**Requirement**
From the records that follow, return exactly the lines beginning at the one that contains "Person wearing FEATOL" and ending at the one that contains "Liv Foster Bead", pictures left out.

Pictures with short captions
####################
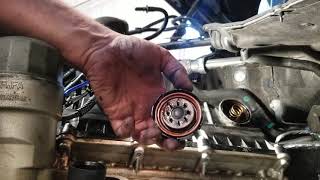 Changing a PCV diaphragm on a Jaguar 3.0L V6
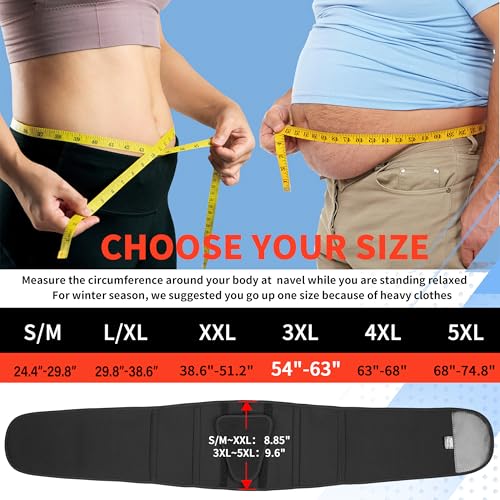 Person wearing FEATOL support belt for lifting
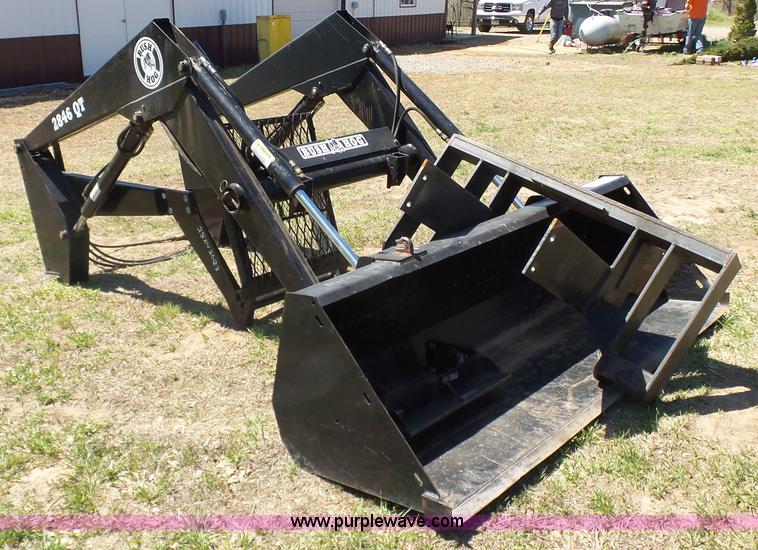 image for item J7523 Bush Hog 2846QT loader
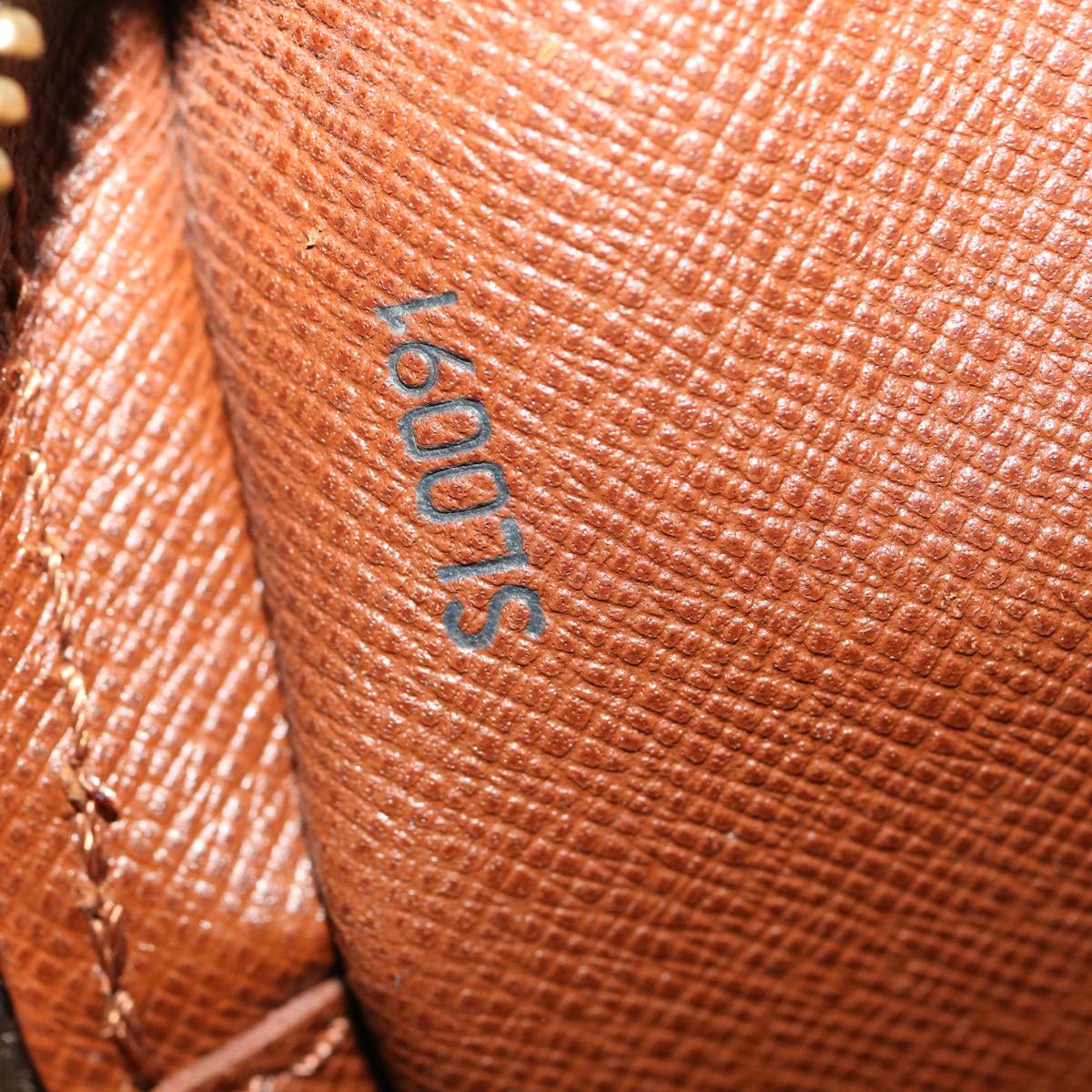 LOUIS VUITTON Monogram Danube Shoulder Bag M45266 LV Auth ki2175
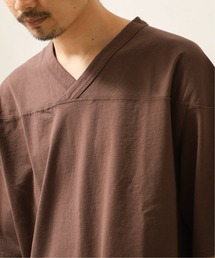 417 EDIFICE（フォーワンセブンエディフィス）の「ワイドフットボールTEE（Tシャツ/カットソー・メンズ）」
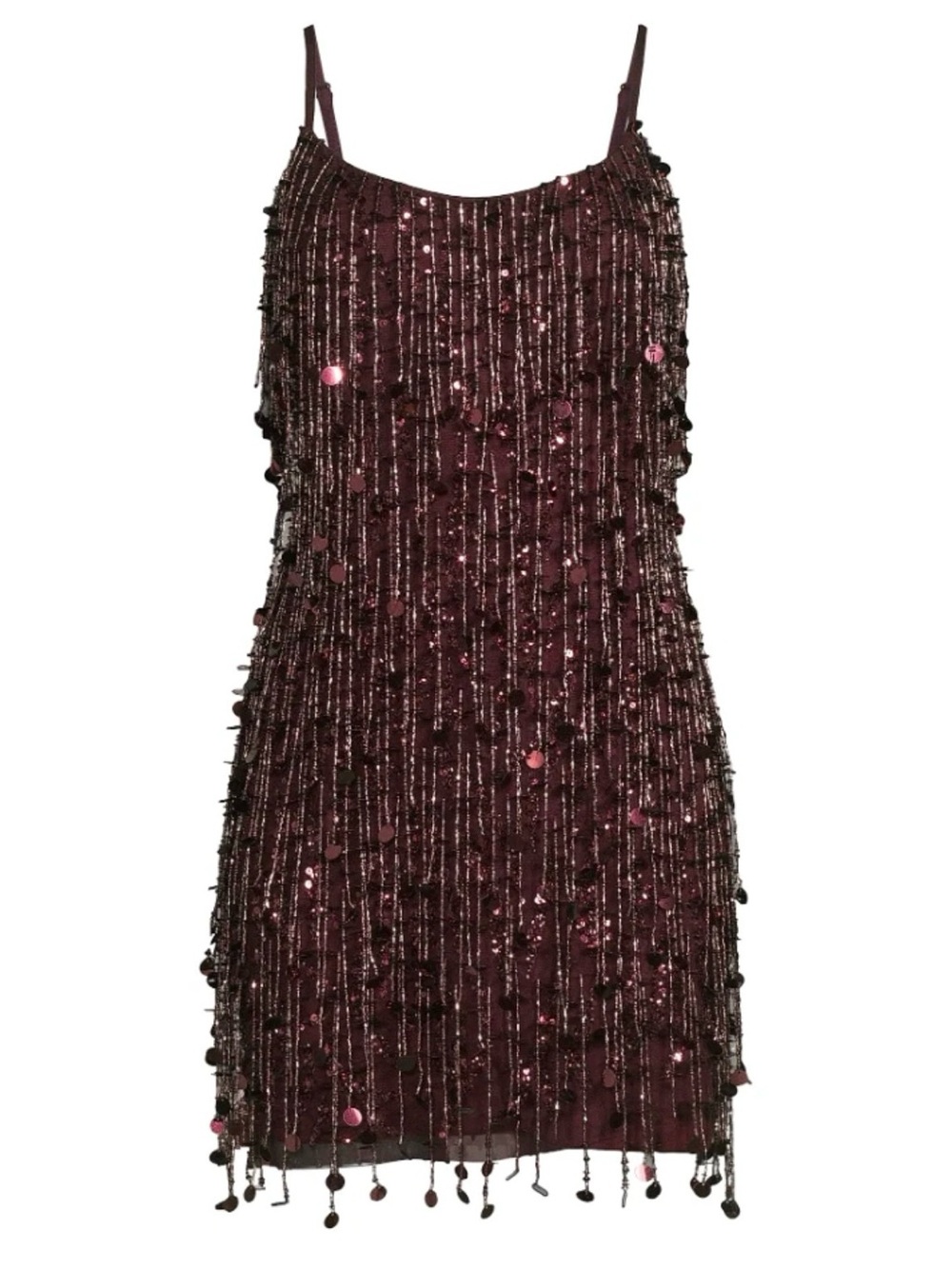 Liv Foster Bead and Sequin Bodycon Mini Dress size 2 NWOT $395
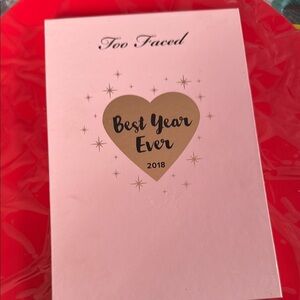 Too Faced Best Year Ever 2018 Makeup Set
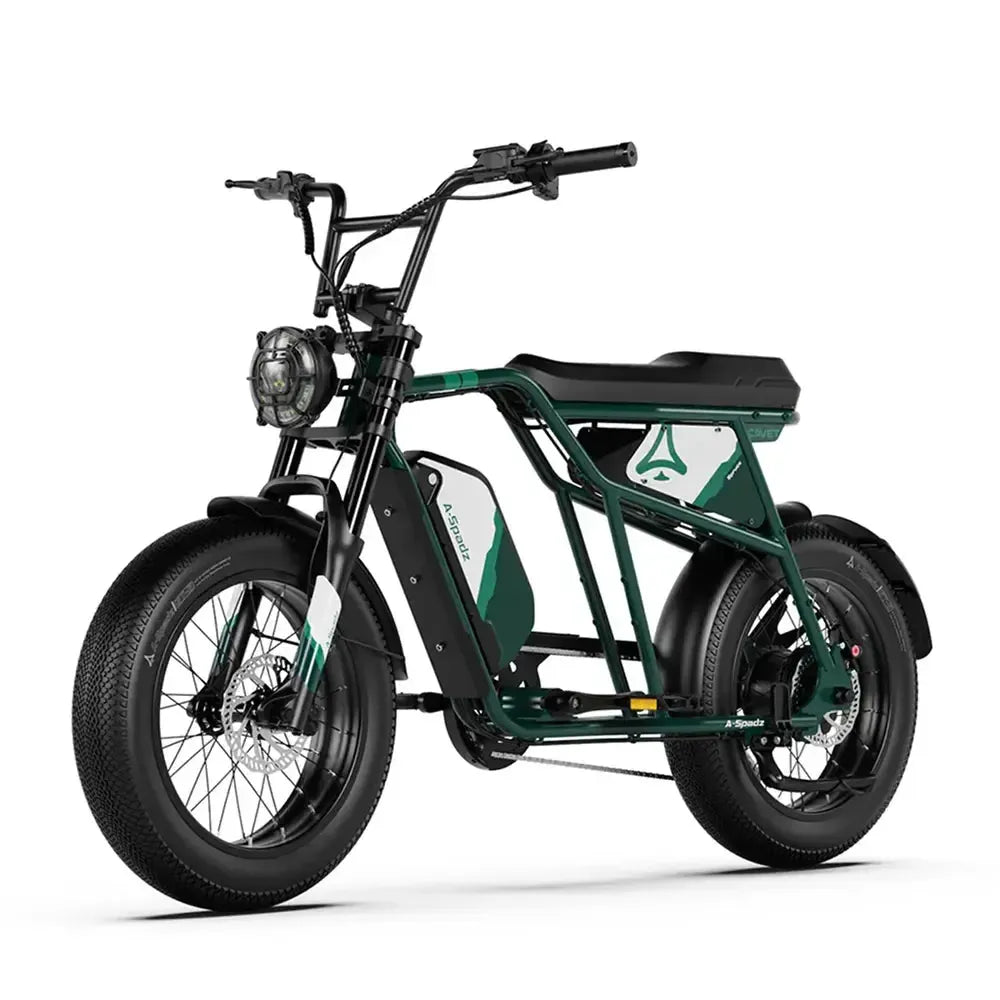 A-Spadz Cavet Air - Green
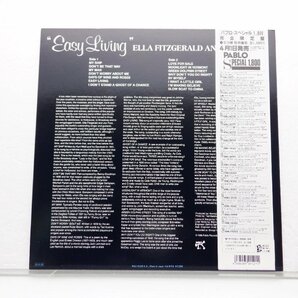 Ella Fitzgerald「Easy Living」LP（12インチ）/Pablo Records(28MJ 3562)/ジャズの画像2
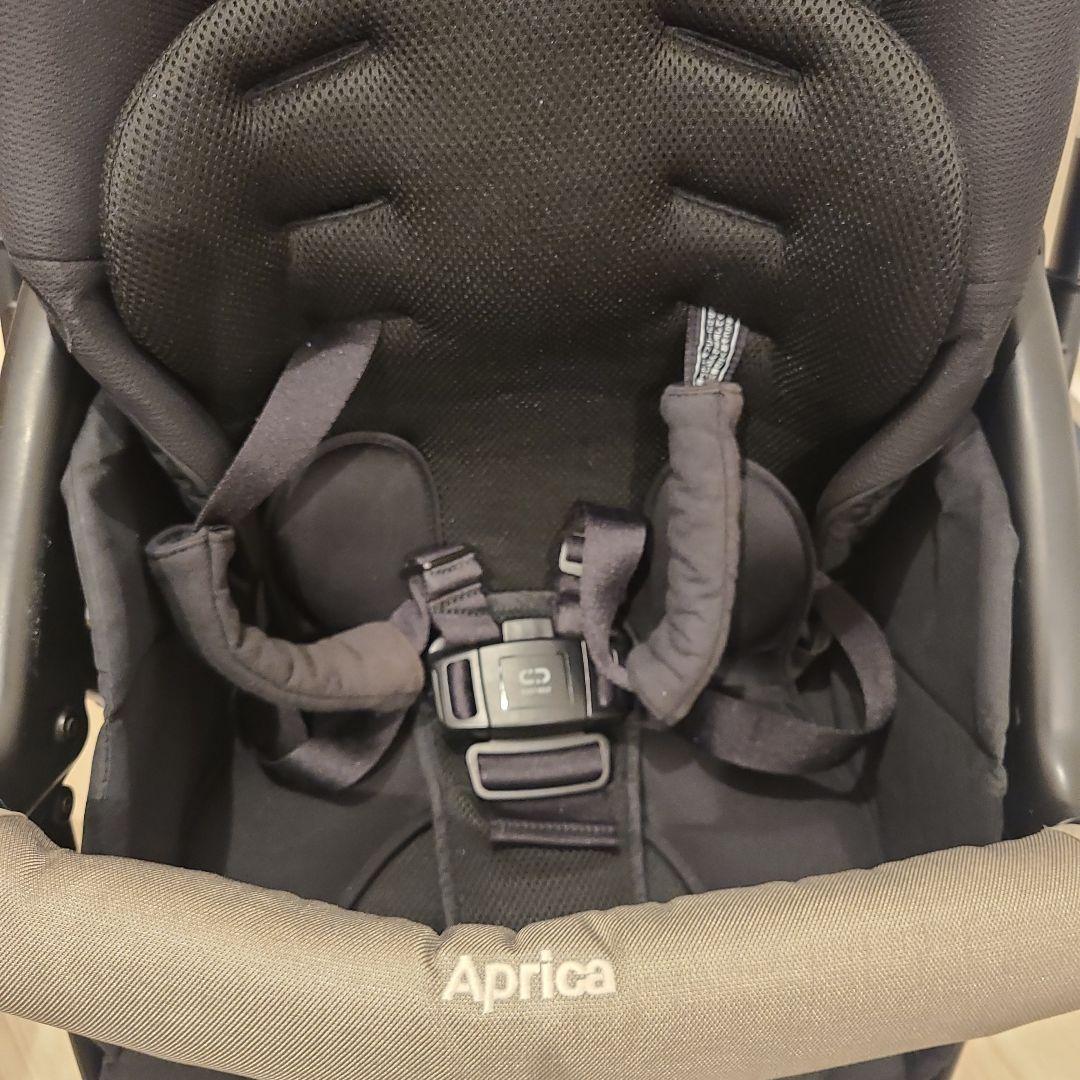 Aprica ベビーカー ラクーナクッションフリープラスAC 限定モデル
####################
**Exercise response**
 Person wearing FEATOL support belt for lifting
 image for item J7523 Bush Hog 2846QT loader
 LOUIS VUITTON Monogram Danube Shoulder Bag M45266 LV Auth ki2175
 417 EDIFICE（フォーワンセブンエディフィス）の「ワイドフットボールTEE（Tシャツ/カットソー・メンズ）」
 Liv Foster Bead and Sequin Bodycon Mini Dress size 2 NWOT $395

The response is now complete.